Thank you for your insightful feedback during the review phase, and we appreciate your support of our submission and your attention during the discussion phase between us and Reviewer 7gm5.

In response to Reviewer 7gm5's actionable discussions on two points: (1) the specific impact of model layers, and (2) evaluation on larger-scale datasets, we have conducted corresponding experiments and have addressed Reviewer 7gm5's concerns, as detailed in our subsequent response to Reviewer 7gm5 at [https://openreview.net/forum?id=sbvLts2HqR&noteId=fAooVNcIEf].

Thank you once again for your valuable feedback. Your thorough review has been truly encouraging for us.

Best regards,

The Authors of Submission 2224

审稿意见

评分: 4置信度: 52025-07-02

This paper proposes MoFo, a Transformer-based forecasting method that models time series in a two-dimensional structure by leveraging their periodic patterns. The authors conduct correlation-based experiments in an attempt to validate the effectiveness of the proposed approach.

优缺点分析

Strengths:

S1: The method for handling periodicity in the paper is reasonable and demonstrates a certain degree of novelty.

S2: The figures and tables throughout the paper are clear, and the presentation is well-structured.

Weaknesses:

W1: The paper lacks comparisons with important baseline methods, especially since the proposed method also relies on 2D modeling. Therefore, it should be compared with previous classic SOTA methods that also use 2D modeling, such as TimesNet[1] (CNN-based), WITRAN[2] (RNN-based), and TPGN[3] (PGN-based, where PGN is a new paradigm based on RNN). Moreover, in the related work section, these key methods are not addressed, and other emerging approaches, such as TimeKAN[4] (KAN-based, where KAN is a new paradigm based on Linear), are also omitted.

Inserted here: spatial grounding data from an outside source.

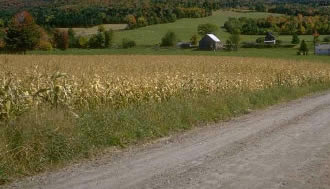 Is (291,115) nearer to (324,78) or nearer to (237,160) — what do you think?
(237,160)

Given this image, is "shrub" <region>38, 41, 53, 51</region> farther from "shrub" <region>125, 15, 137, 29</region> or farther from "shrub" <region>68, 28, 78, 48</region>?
"shrub" <region>125, 15, 137, 29</region>

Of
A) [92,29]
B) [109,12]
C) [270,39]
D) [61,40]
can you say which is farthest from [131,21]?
[61,40]

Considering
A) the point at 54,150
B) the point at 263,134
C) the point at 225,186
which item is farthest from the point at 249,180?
the point at 263,134

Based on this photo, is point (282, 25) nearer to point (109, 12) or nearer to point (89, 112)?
point (109, 12)

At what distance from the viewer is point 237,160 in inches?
342

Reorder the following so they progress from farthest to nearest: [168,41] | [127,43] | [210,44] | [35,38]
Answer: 1. [168,41]
2. [210,44]
3. [127,43]
4. [35,38]

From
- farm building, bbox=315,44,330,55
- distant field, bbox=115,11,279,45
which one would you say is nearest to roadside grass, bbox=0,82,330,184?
farm building, bbox=315,44,330,55

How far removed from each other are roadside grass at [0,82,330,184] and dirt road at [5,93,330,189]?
1.56 feet

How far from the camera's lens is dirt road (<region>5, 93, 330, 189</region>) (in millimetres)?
7180

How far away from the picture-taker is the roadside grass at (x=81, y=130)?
318 inches

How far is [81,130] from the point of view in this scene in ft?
32.2

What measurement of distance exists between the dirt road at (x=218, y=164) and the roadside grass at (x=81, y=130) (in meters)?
0.48

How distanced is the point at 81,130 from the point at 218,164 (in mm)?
3153

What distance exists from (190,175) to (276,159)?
211 cm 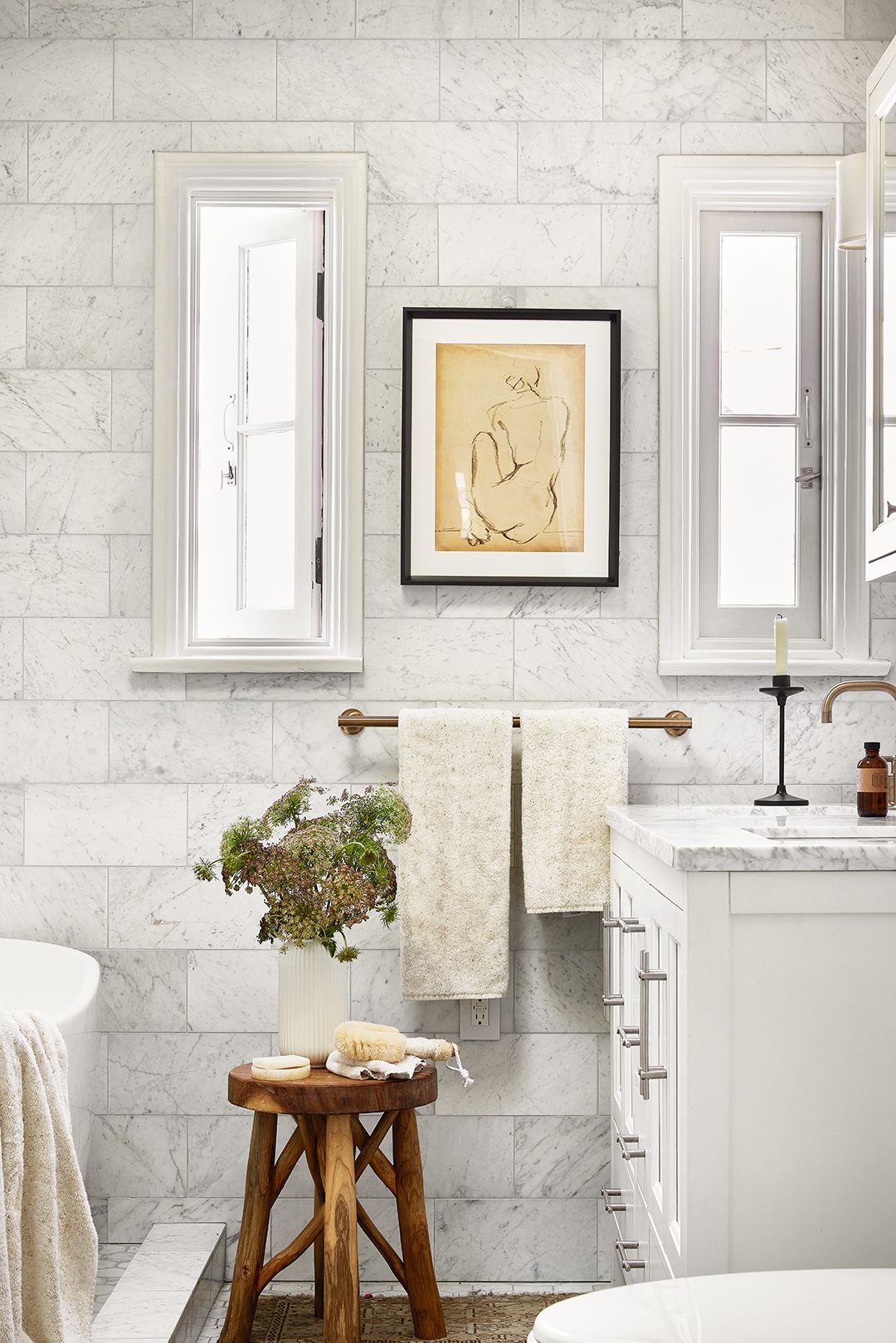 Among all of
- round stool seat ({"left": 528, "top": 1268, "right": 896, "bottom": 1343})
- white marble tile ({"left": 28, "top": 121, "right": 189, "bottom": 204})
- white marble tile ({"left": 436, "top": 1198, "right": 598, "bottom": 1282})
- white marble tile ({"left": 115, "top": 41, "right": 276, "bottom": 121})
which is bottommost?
white marble tile ({"left": 436, "top": 1198, "right": 598, "bottom": 1282})

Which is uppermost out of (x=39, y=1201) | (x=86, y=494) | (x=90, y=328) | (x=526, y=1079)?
(x=90, y=328)

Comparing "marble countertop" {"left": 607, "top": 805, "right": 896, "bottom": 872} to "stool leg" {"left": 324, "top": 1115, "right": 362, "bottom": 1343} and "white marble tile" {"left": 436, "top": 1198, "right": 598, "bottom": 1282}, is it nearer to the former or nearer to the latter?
"stool leg" {"left": 324, "top": 1115, "right": 362, "bottom": 1343}

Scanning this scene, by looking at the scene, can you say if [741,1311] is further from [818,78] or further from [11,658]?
[818,78]

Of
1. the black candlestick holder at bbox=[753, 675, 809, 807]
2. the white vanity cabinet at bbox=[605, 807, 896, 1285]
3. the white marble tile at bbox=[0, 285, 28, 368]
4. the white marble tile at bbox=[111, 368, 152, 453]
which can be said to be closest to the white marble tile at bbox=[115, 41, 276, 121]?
the white marble tile at bbox=[0, 285, 28, 368]

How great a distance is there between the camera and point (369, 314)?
2160mm

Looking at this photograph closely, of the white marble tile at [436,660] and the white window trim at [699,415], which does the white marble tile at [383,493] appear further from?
the white window trim at [699,415]

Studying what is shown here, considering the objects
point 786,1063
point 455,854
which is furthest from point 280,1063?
point 786,1063

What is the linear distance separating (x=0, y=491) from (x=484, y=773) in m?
1.15

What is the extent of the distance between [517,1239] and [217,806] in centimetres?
105

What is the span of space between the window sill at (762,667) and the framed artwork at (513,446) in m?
0.22

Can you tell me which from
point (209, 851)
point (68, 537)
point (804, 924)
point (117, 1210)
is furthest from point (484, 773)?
point (117, 1210)

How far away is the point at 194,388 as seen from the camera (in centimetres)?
216

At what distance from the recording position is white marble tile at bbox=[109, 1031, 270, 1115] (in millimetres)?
2107

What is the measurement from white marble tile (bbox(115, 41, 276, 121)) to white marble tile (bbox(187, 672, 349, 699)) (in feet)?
3.75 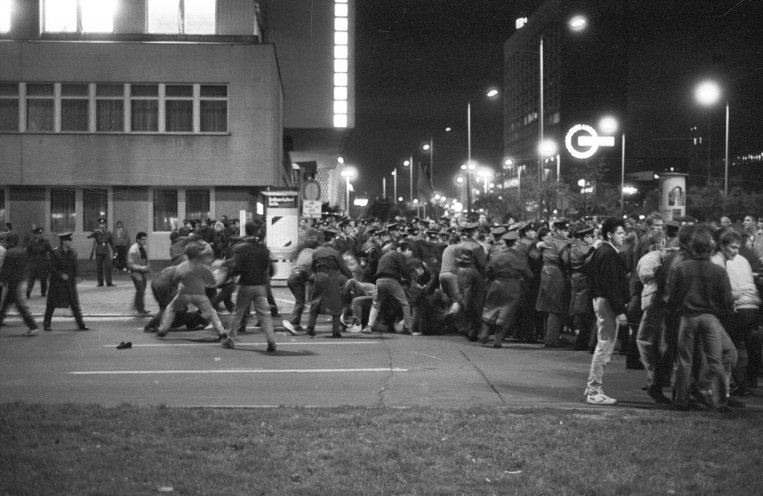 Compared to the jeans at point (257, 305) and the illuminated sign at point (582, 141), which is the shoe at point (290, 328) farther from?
the illuminated sign at point (582, 141)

W2: The experimental setup contains clear flaws. Although the authors claim to follow configurations from previous studies, the actual design lacks fairness and rigor.

(1) Improper handling of historical look-back length

(1.1) Different look-back lengths may alter the data splitting process, thereby affecting model training. This represents a lack of control over experimental variables.

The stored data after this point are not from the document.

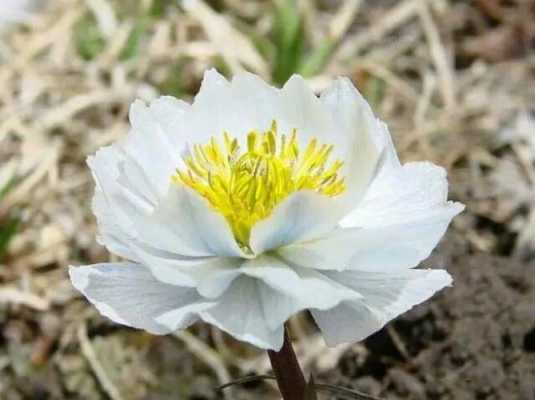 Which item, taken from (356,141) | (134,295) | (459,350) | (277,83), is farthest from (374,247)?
(277,83)

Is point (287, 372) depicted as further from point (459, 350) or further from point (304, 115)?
point (459, 350)

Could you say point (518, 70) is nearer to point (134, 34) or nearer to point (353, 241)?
point (134, 34)

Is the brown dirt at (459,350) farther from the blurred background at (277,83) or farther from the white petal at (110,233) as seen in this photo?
the white petal at (110,233)

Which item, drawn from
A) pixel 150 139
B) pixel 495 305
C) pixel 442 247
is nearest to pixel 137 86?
pixel 442 247

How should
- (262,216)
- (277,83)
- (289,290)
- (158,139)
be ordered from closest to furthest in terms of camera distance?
(289,290) → (262,216) → (158,139) → (277,83)

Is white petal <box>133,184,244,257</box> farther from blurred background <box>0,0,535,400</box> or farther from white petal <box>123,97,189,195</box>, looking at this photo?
blurred background <box>0,0,535,400</box>

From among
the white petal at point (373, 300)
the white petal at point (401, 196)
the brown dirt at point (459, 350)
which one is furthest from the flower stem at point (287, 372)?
the brown dirt at point (459, 350) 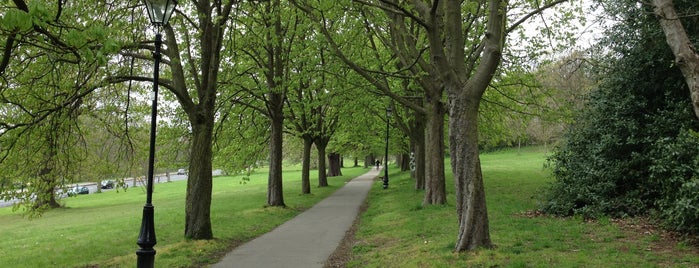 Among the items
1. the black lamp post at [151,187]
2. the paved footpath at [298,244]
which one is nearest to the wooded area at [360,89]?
the black lamp post at [151,187]

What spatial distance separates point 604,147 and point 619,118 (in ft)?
2.54

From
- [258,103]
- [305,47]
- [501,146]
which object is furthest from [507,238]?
[501,146]

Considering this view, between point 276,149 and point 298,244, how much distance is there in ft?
24.9

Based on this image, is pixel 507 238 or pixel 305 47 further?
pixel 305 47

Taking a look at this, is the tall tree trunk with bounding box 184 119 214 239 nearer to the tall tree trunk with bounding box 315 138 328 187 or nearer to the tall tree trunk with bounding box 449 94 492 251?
the tall tree trunk with bounding box 449 94 492 251

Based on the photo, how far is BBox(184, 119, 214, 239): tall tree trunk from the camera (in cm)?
1065

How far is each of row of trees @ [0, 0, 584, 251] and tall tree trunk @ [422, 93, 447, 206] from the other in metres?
0.04

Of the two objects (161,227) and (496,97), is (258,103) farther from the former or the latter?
(496,97)

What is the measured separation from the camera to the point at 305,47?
1447 cm

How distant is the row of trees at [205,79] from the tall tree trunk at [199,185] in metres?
0.02

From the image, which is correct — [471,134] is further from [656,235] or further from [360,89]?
[360,89]

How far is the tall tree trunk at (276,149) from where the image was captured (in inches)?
682

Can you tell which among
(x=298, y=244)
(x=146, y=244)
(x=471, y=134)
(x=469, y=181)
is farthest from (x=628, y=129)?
(x=146, y=244)

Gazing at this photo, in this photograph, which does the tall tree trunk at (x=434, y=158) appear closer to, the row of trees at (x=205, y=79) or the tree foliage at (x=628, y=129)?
the row of trees at (x=205, y=79) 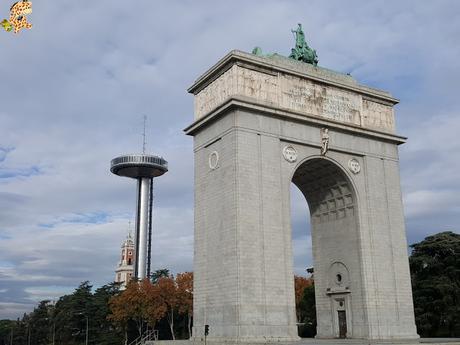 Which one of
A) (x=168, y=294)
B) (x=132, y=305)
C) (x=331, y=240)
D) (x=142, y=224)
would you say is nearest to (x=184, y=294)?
(x=168, y=294)

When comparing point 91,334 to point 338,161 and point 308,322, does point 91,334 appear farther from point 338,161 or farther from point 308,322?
point 338,161

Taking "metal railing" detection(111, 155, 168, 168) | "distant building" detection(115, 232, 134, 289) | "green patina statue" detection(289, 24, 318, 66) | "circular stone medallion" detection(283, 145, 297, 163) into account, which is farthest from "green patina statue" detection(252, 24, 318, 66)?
"distant building" detection(115, 232, 134, 289)

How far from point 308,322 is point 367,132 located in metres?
20.3

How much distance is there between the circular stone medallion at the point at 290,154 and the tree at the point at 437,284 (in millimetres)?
15181

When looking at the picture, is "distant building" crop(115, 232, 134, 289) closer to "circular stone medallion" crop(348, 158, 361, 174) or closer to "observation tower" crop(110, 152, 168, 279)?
"observation tower" crop(110, 152, 168, 279)

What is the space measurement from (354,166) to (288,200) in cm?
541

(1.2) Different models exhibit varying sensitivity to look-back lengths, so treating it uniformly as a hyperparameter is clearly inappropriate. A more fair and rigorous approach would be to predefine several common look-back lengths and treat them as separate experimental groups, enabling a more systematic comparison of how each method performs under different historical horizons.

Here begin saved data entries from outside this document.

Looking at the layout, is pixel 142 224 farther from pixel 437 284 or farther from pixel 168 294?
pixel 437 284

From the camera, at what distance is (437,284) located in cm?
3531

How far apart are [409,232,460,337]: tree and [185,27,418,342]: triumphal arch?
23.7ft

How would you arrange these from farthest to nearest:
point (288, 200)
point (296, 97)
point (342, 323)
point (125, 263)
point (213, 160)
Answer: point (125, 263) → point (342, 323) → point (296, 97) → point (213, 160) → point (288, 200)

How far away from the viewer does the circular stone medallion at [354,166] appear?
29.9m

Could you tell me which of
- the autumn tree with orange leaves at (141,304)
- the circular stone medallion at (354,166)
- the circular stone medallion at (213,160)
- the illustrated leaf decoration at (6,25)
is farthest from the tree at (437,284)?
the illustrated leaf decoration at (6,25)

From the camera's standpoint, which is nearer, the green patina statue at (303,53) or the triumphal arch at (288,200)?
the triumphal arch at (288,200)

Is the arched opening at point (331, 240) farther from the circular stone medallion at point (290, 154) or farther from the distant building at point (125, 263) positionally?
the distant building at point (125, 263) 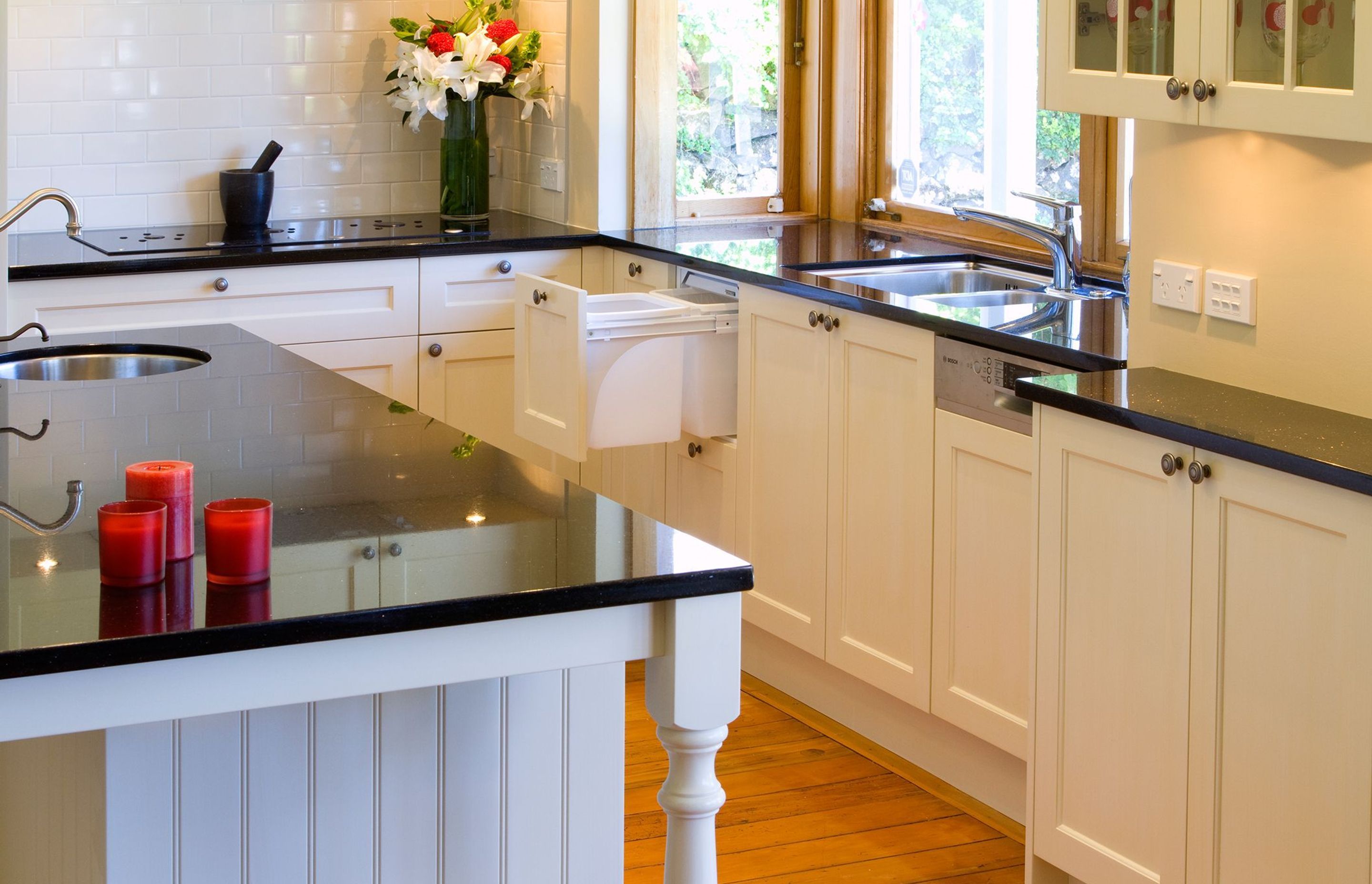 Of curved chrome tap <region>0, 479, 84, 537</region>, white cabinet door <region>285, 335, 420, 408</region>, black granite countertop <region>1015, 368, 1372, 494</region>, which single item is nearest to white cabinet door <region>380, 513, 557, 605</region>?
curved chrome tap <region>0, 479, 84, 537</region>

(2) Limited hyperparameter search space The TFB paper cited by the authors only expands to 8 parameter configurations. Taking Transformers as an example, even commonly used parameters like d_model, e_layer, and d_layer are barely covered—let alone other hyperparameters. Such a narrow search space makes it difficult to draw convincing conclusions.

(3) Why an extensive hyperparameter search is necessary

(3.1) Even with identical random seeds and hyperparameter values, experimental results may still vary across hardware platforms.

(3.2) Different models have different levels of sensitivity to hyperparameters. When the experimental platform changes, directly reusing published settings cannot guarantee that baseline models operate at their optimal capacity, nor that results are consistent with those reported originally.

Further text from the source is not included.